Crawled caption data:
· · ·

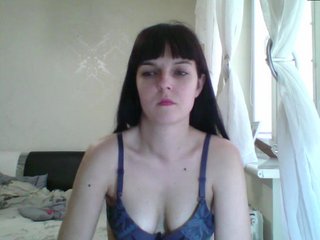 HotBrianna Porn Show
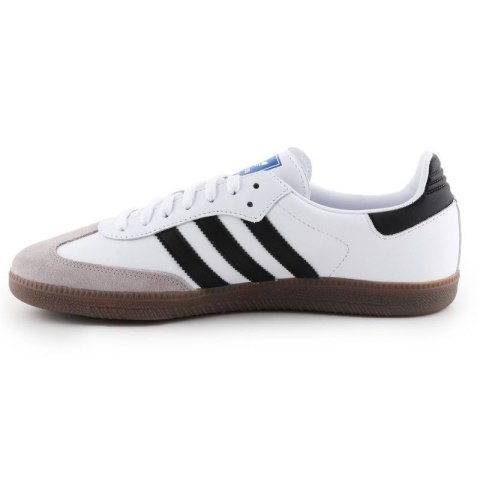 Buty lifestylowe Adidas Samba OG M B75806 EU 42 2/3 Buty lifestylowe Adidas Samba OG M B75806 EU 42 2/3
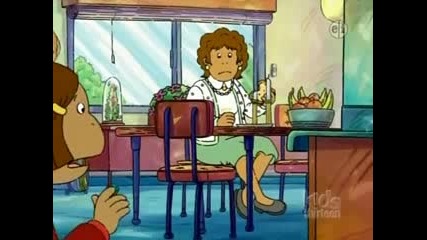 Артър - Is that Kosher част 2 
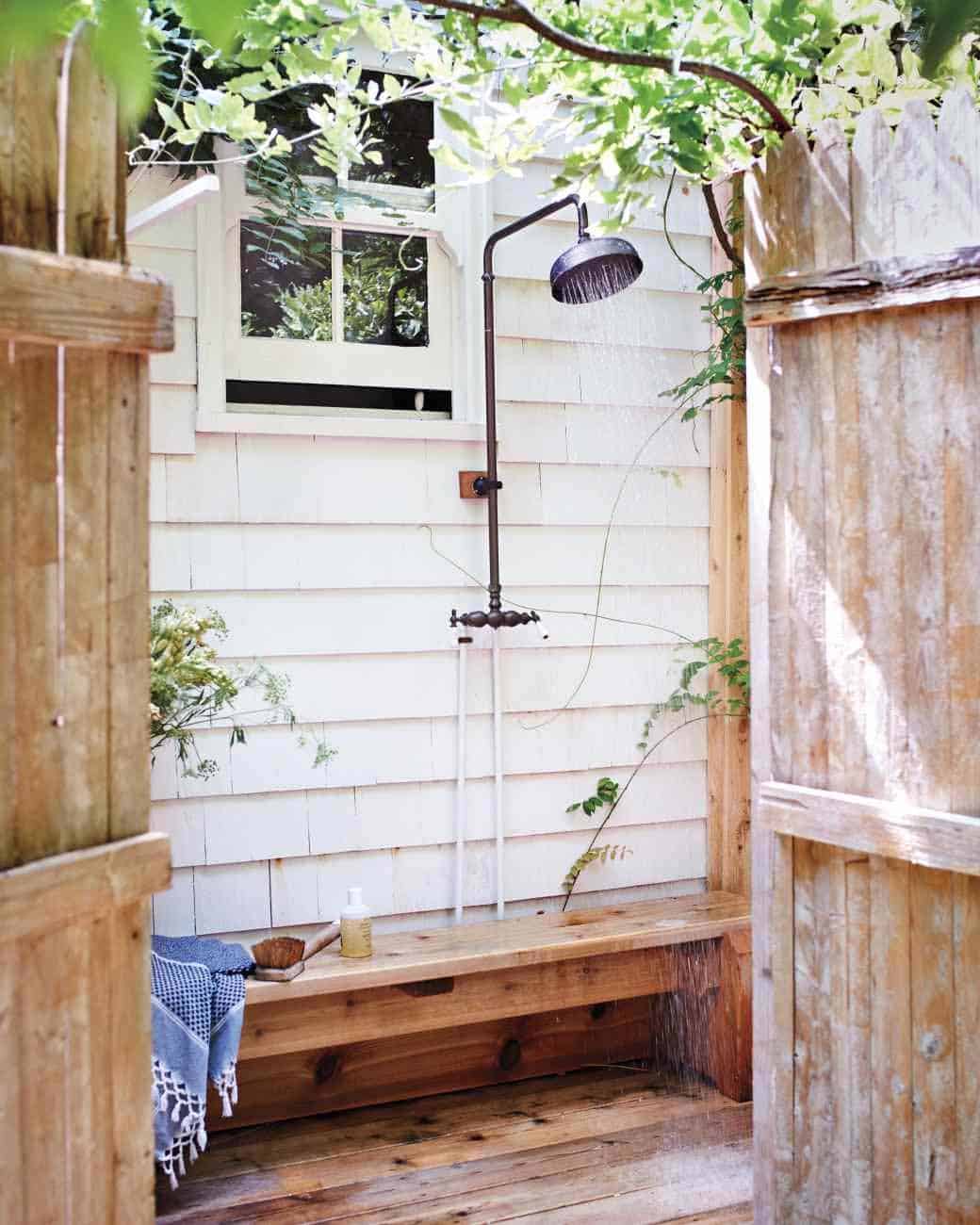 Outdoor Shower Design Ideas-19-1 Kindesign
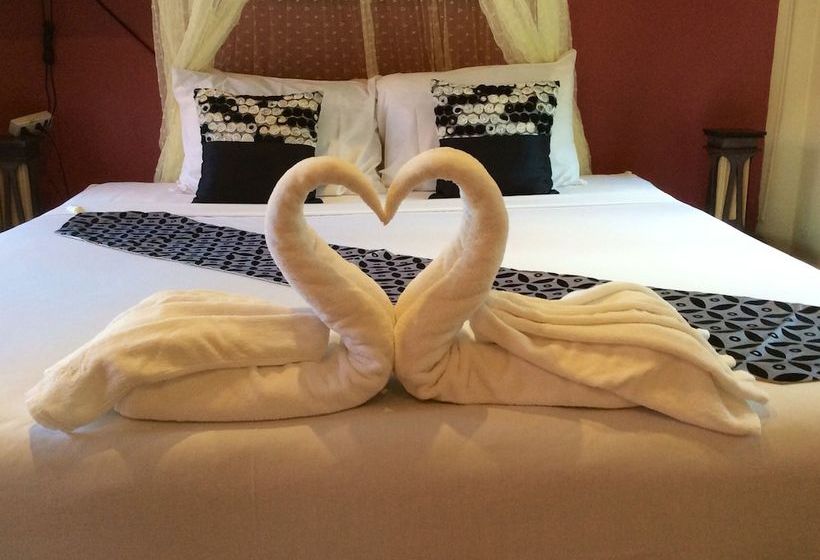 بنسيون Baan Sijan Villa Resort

· · ·

## REQUIREMENT
Word for word, reproduce all the data, but not the pictures.

## RESULT
 HotBrianna Porn Show
 Buty lifestylowe Adidas Samba OG M B75806 EU 42 2/3 Buty lifestylowe Adidas Samba OG M B75806 EU 42 2/3
 Артър - Is that Kosher част 2 
 Outdoor Shower Design Ideas-19-1 Kindesign
 بنسيون Baan Sijan Villa Resort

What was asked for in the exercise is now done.